[lbo-talk] Blue Dogs cashing in

Carrol Cox cbcox at ilstu.edu
Mon Jul 27 15:41:37 PDT 2009


For Rousseau capitalism was evil; for Marx it was history. (Tomas, quoted from memory.)

Murder was not always a crime. In ancient Athens, if I remember correctly, it was a tort, and ignored unless relavtives of the victim sued the perpetrator. Through a historical process we have come to see killing another except under carefully defined circumstances is undesirable, and we take action to prevent it from happening. Under bourgeois morality it is regarded as immoral, and the perpetrator is immoral. We therefore have a system of retributive justice (which is itself a historical relic which needs to be abolished) to _punish_ the offender. But the political agreement to prevent the act is sufficient. To call it immoral is a mere reedundancy, amd dpes nothing to prevent the frequent occurrence of the act. This is always the case with moral judgments: they are redundant and if anything intefere with eliminating or controlling the undesired acts or institutions.

If we describe capitalism accurately we see that it is destructive, and it is desirable to generate collective action to destroy it and build new systems of social relations.

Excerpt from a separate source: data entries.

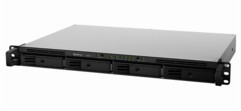  4-     1U Synology Rack Station  RS815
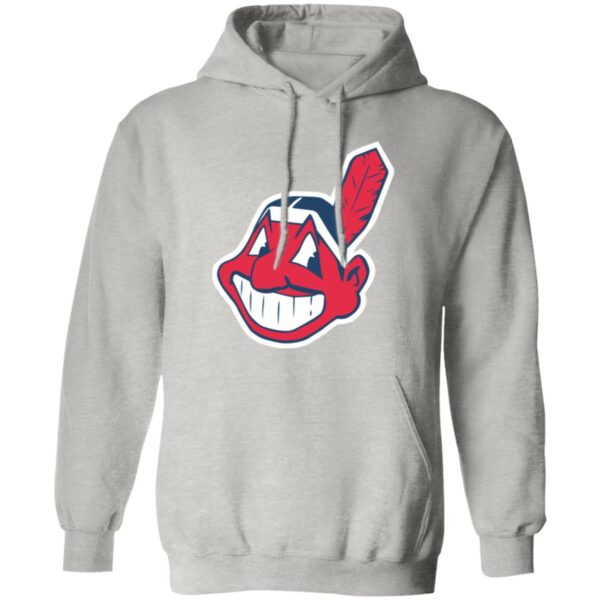 Cleveland Guardians Baseball Unisex Sizing Blend Material Pullover Hoodie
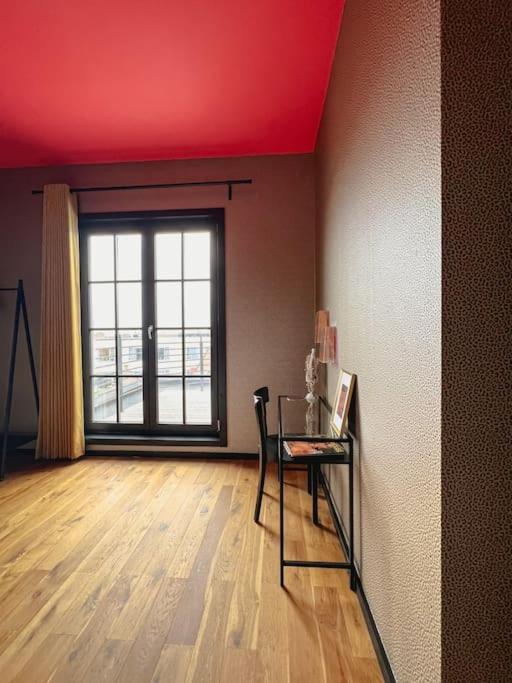 Apartmán Laila Penthouse Antverpy Exteriér fotografie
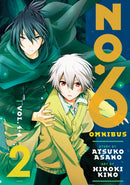 NO. 6 Manga Omnibus 2 (Vol. 4-6)-9781646515530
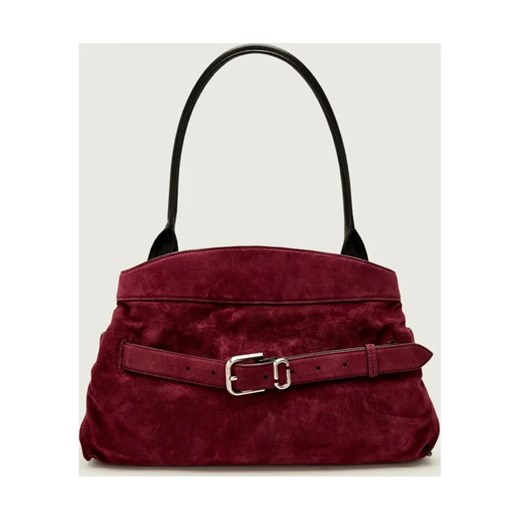 Marc Jacobs Skórzana torebka na ramię DAKOTA ze sklepu Gomez Fashion Store w kategorii Listonoszki - zdjęcie 186058187
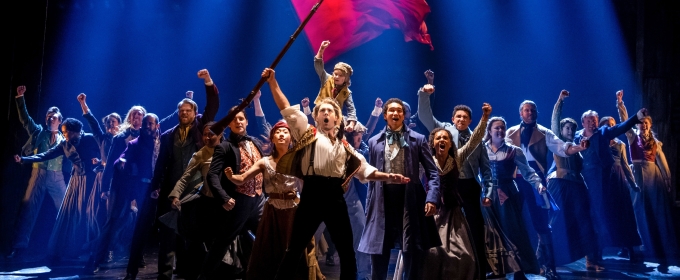 Review: LES MISERABLES at Hollywood Pantages Theatre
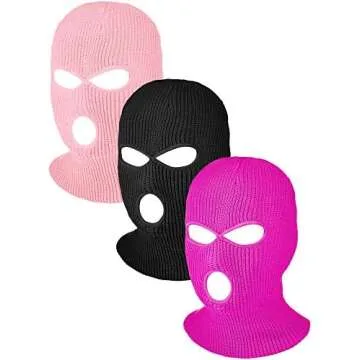 Ski Masks (Balaclavas)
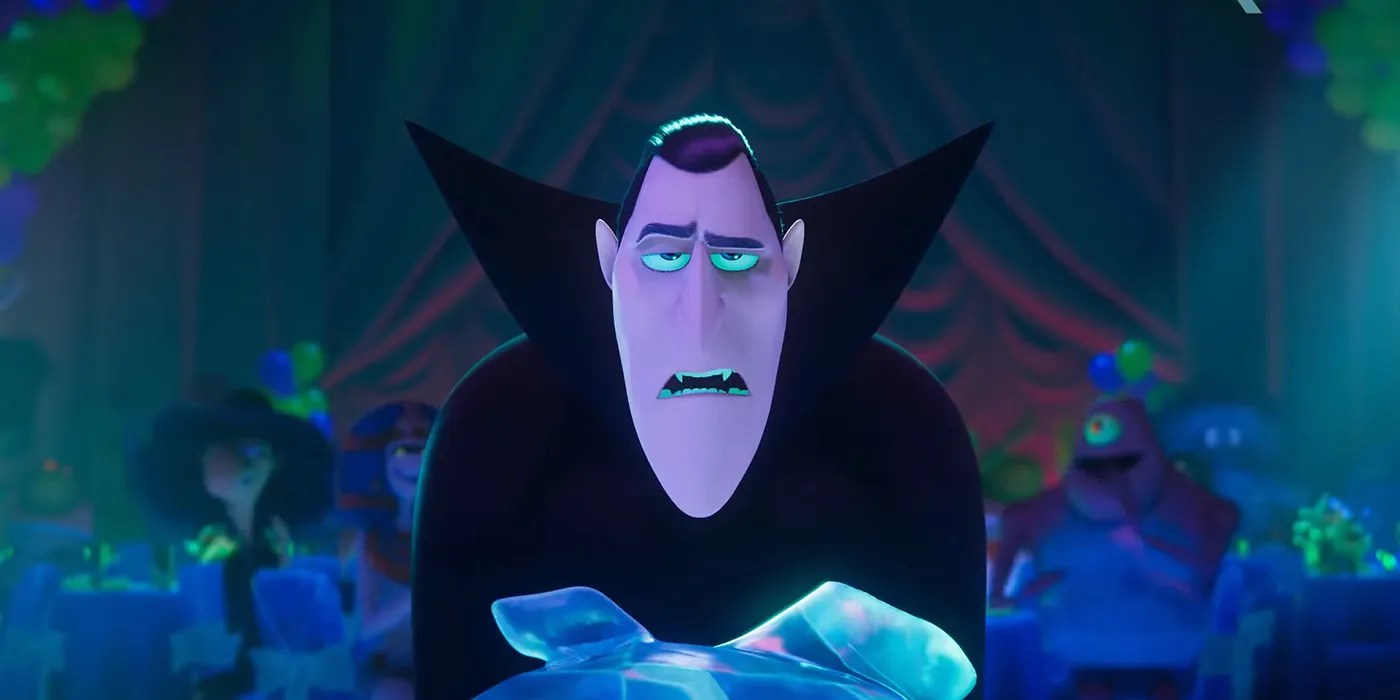 Hotel Transylvania 4 Release Date Moves To October
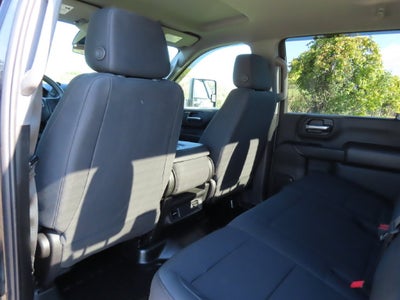 2024 GMC Sierra 2500 HD Pro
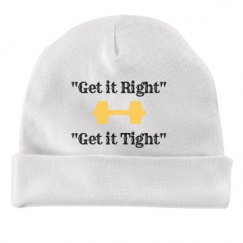 Rabbit Skins Baby Hat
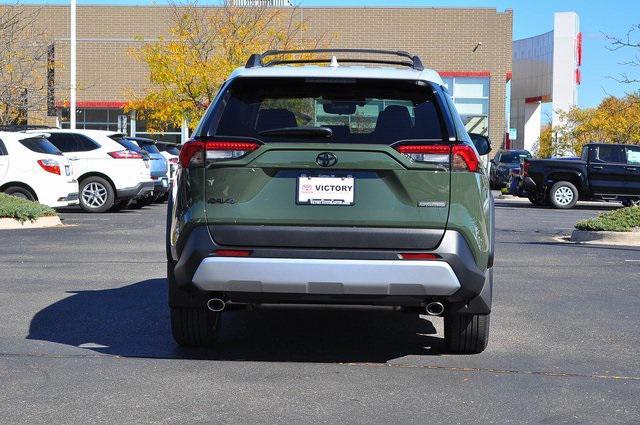 new 2024 Toyota RAV4 car, priced at $43,046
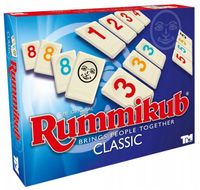 Gra planszowa TM Toys Rummikub Classic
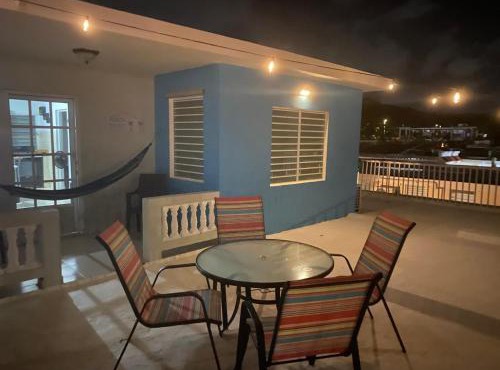 Casa playera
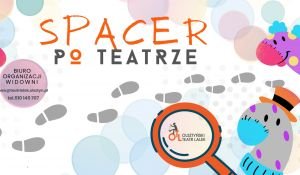 Spacer PO Teatrze - Olsztyński Teatr Lalek - Olsztyn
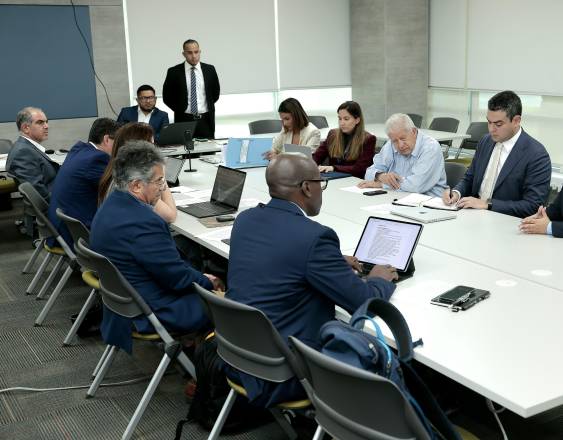 Formación en robótica, semiconductores y electromovilidad impulsará el INADEH en Panamá Pacífico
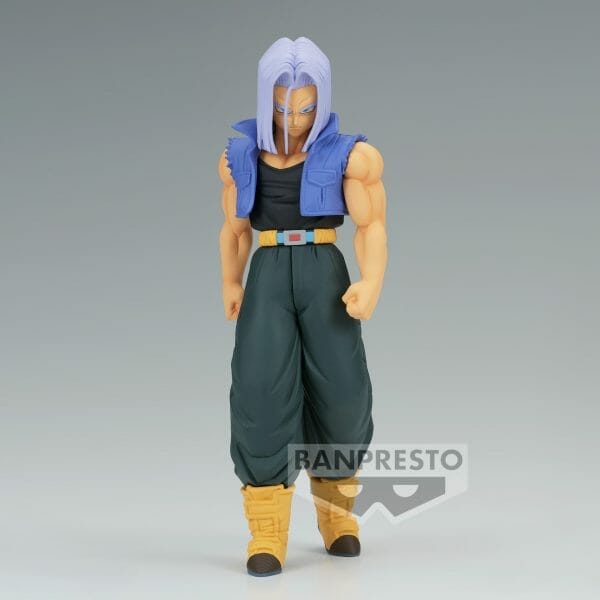 Banpresto - DRAGON BALL Z SOLID EDGE WORKS VOL.11 A:TRUNKS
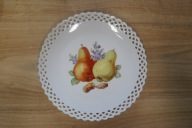 Talerz porcelanowy BAVARIA Schumann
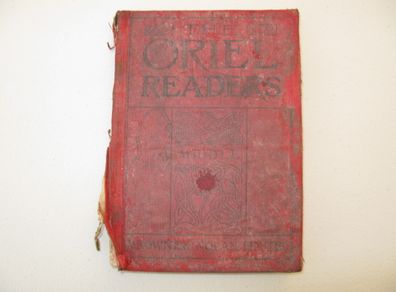 Antique Book:- The Oriel Readers Middle Book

Calling capitalism "immoral" is redundant and interferes with organizing colelctive action against it. For one thing, it creates the ideological illusion that we can "teach" men and women to see its immorality and then they will vote it out. This illusion is one of the chief ideological defenses of the capitalist system. And repeat: it is purely redundant and adds nothing to the description of how it works.

Carrol

P.S. Of course this is highly abstract. It is "universal," however, only for capitalist societies, and is irrelevant to pre-capitalist and post-capitlaist social orders.